これはかなりもとの演技に洗脳されてるなー。
言い回しとか、泣きの入れ方とかチョー似てるんだもん。
でもまあ、当時の大映ドラマの雰囲気をまるごと伝えるという意味では、演技もオリジナルをコピーしたほうが間違いないし、そのミョーな演技がかえってドラマの世界観にハマッていたんじゃないでしょうか。
むしろ「あえてオリジナル版は見なかった」という藤原竜也や、中途半端に普通の演技をしていた内藤剛志は浮いていましたね。
というか、リアルに演技すればするほど脚本の納得できないところが目立って恥ずかしくなってくるんですわ。
陣内、目ェむきすぎだよ!(笑)と思いつつも、あの劇伴(30年たっても憶えている自分がいやだった)に負けないためにはこのくらいの顔筋力と暑苦しさが必要だよなーと納得しました。
ま、役者の話はこんなところで。
話したかったのは内容のほうです。
最初、リメイクと聞いててっきり現代に置き換えるのかと思ったら、昭和52年の設定のままなんですね。
たしかに「今どき、白血病なんて不治の病じゃない」という事実をはじめとして、現代に置き換えると無理のある設定はいっぱい出てくるので、「いっそこのままの時代でいこう」ということになったのかもしれませんが、それって今もう一度リメイクする必要があるんでしょうか。

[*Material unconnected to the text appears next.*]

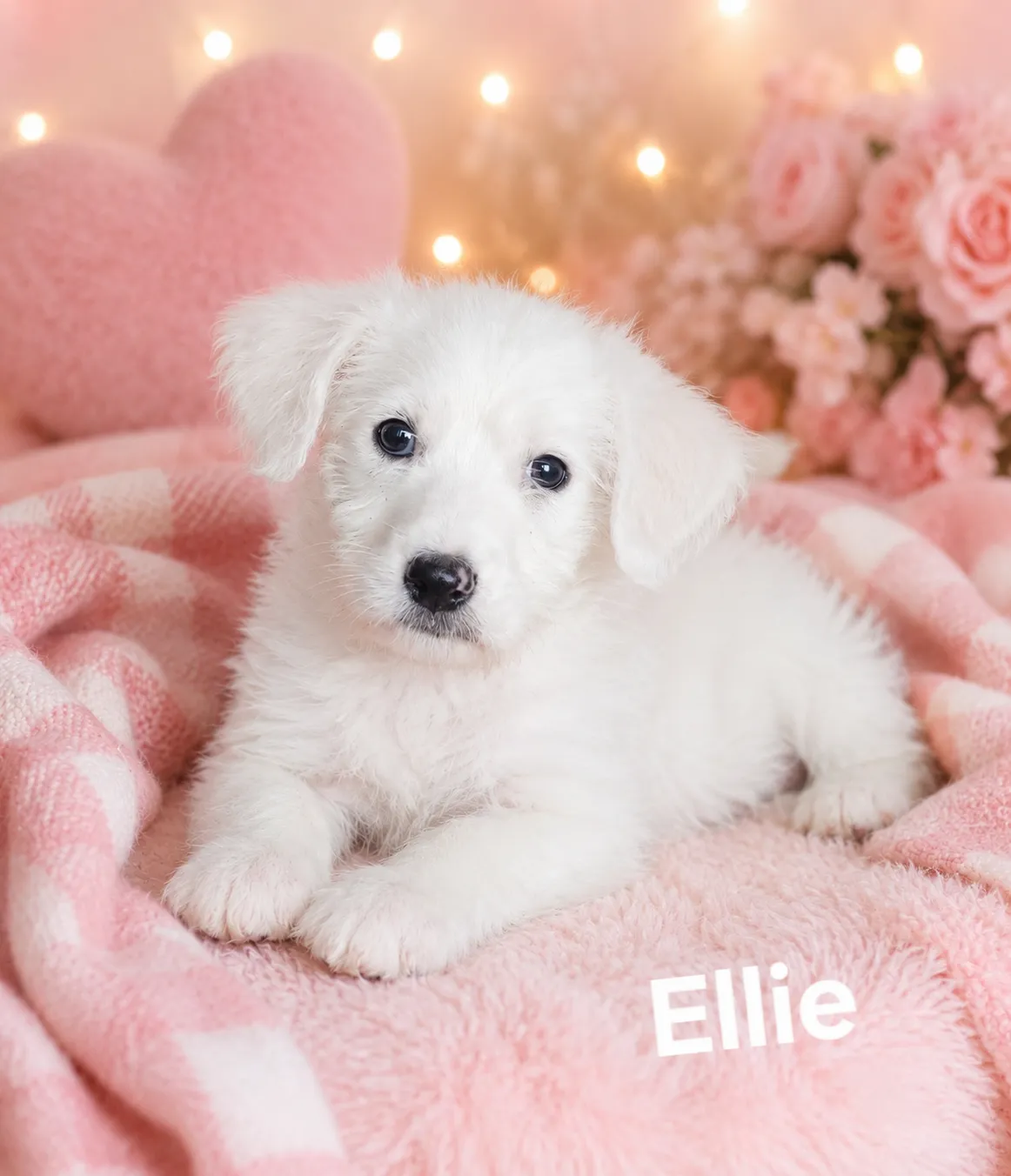 Ellie - Photo 1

この当時の大映ドラマの雰囲気を「なつかし〜」と言いながら楽しみたいのなら昔のドラマを再放送すればいいんじゃないの?
その当時は「その時代に生きる人」としての視点でああいうドラマを作ったからドラマに新鮮さやパワーがあったのであって、現代のキャスト&スタッフが同じものをなぞって作ってもそこには「懐古趣味」しか生じないんじゃないでしょうか。

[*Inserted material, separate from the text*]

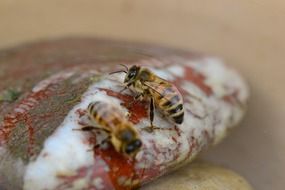 Close-up of honey bee insects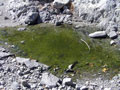 8/31/08 Clark's Crossing - the last pool has shrunk, leaving only yellow-legged frog tadpoles gulping for air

たとえば、韓国ドラマが大映ドラマに似ているというのはよく指摘されることですよね。個人的には「記憶喪失」とか「じつは兄妹」とかいうアイテムの使い方が似ているだけで皆が言うほど似てるとは思わないんですけど(あんな感情的なナレーションないし)、まあ百歩譲って「冬ソナ」などの韓国ドラマが大映ドラマを研究して作られたものだとしても、あれは現代に通用するドラマとしてきちんと作り直されてるじゃないですか。彷彿とさせるテイストがあっても、最終的には現代のドラマになってるんですよね。だからあれほどヒットしたんだと思うのです。好き嫌いはともかくとして。
現代でリメイクする意味ってそういうことじゃないの?
題材がいくら古き良き時代を描いたものでも、どこかに現代に生きる人たちの心を揺さぶるような「今の視点」がないとわざわざ作り直す意味ってないと思うんですけど。
皆さん、「大映ドラマは突っ込んでみるからあれでいいんだよ」とおっしゃいますが、過去のドラマを「このころの大映ドラマってこうなんだよねー」と突っ込みながら見るのと、今のドラマを「大映ってこうなんだよねー」と突っ込んで見るのとでは意味が全然違います。
今のドラマは、今のドラマとして見ますよ。
オリジナルの「赤シリーズ」を知らない人にとってはそんなこと関係ないもん。
……と考えて、冷静に今回のドラマを見てみると、やっぱり「これはないだろう」という部分がどう贔屓目にみても多すぎるとあらためて思いました。
まず、「不治の病で余命わずか」「好きな人が異母兄妹」というのが「赤い疑惑」を貫く2大障害なわけですが、この障害の使い方があまりにも雑。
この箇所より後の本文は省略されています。